Prescott was the captain of the 1958 tour to Australia and had already led his side to defeat in the first Test in Sydney, making the second, on 5 July in Brisbane, vitally important if Great Britain were to win the series.
Prescott recalled later that he had shattered his arm when it struck the head of the Australian forward, Rex Mossop. "It went numb and I knew it was broken," he said. But, such was the importance that the side attached to the game, he never considered going off and leaving his side short- handed; this was, of course, long before the days of substitutes.
A team-mate, Dave Bolton, had no choice but to go off with a broken collar- bone, and three other players were badly hurt during the first half of what became known as the Battle of Brisbane. At half-time, the Australian doctor on duty in the dressing rooms insisted that Prescott must come off, but he was having none of it, his determination to carry on all the more remarkable for a man playing in the most physically punishing of positions at prop forward.
The Great Britain manager that day was Tom Mitchell (who died earlier this month). He wrote that Prescott swapped places in the scrum to try to protect his broken right arm, but otherwise tried to carry on as though nothing had happened.
"He gathered the ball, he ran, he dictated the pattern of play and he tackled well with his good arm," Mitchell recorded. "Only those present at the game had any idea of the man's naked courage."
With Prescott there to hold them together, Great Britain hung on to win 25-18. Two weeks later, with one arm in a sling and the other holding aloft the Ashes trophy, he was carried shoulder-high around the ground in Sydney after they won the third and deciding Test 40-17.
Mitchell, knowing of Prescott's precarious health, left a tribute to him before his own death, talking of his "selfless sacrifice for his team and country, unequalled in any sport anywhere in the world".
Alongside a story like that, many careers would fade into insignificance by comparison, but Prescott's was a fine one, even without the heroism of Brisbane.
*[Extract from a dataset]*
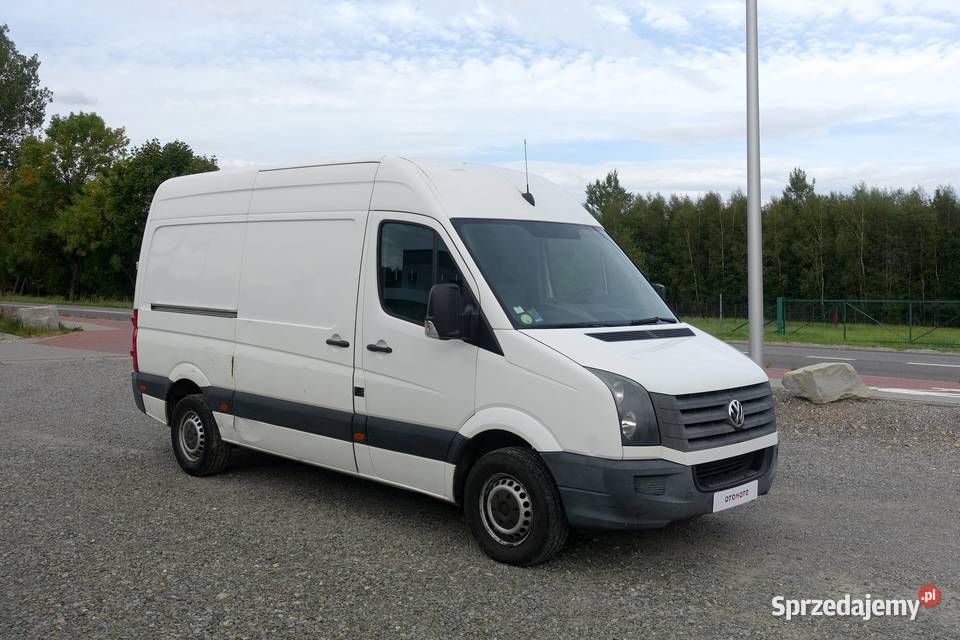 Volkswagen Crafter 20TDI 136 Faktura VAT 23 drzwi odsuwane Buczkowice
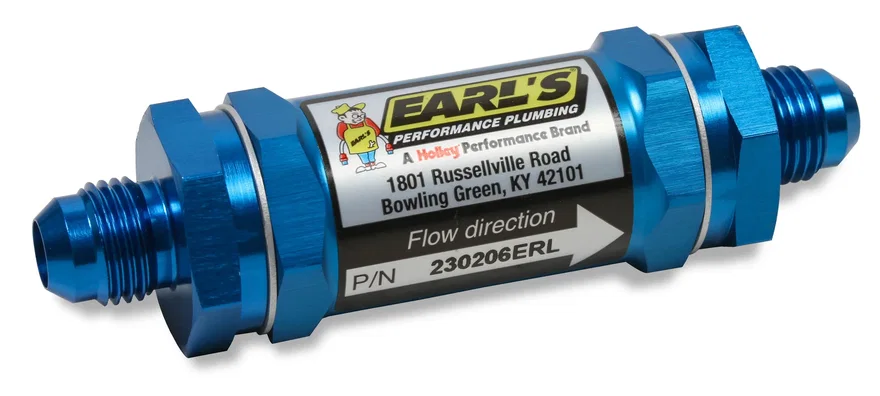 Earl's Performance 230204ERL, Fuel Filter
He began as a winger in junior rugby in his home town of Widnes and it was in that role that he joined Halifax, his first professional club, in 1945. They converted him into a loose forward, but it was St Helens who turned him into a prop.
In an era where size was often considered more important than speed to a front-rower, the compact Prescott - despite his powerful presence on the field, he was only 5ft 10in - stood out as an exception. His unusual pace made him a prolific try-scorer for a prop forward.
His most memorable performance for Saints came in the Challenge Cup final against Halifax at Wembley in 1956, when his running set up one try and later brought him one of his own in a 13-2 victory. That day, he won the game's highest individual award, the Lance Todd Trophy, as the man of the match.
Prescott won the first of his 28 Great Britain caps in 1951 and in 1956 became the first forward to captain the national side. After retiring from playing, he became St Helens' coach, although players in his charge found that, contrary to his ferocious reputation on the field, he was perhaps a little too easy- going to make the same success of that role.
Although in other sports Prescott would have been feted for the rest of his life, he dropped out of the public eye. Earlier this year, his son, Tony, appealed for news of the whereabouts of his memorabilia, including his international caps, cup-winners' medals and his Lance Todd Trophy, all of which had disappeared.
"In the past, he told me all of his collection had been stolen, but I suspect he may have sold them and, to maintain some pride, would not tell me."
Alan Prescott, rugby league player: born Widnes, Cheshire 17 June 1927; (two sons); died Wigan 20 September 1998.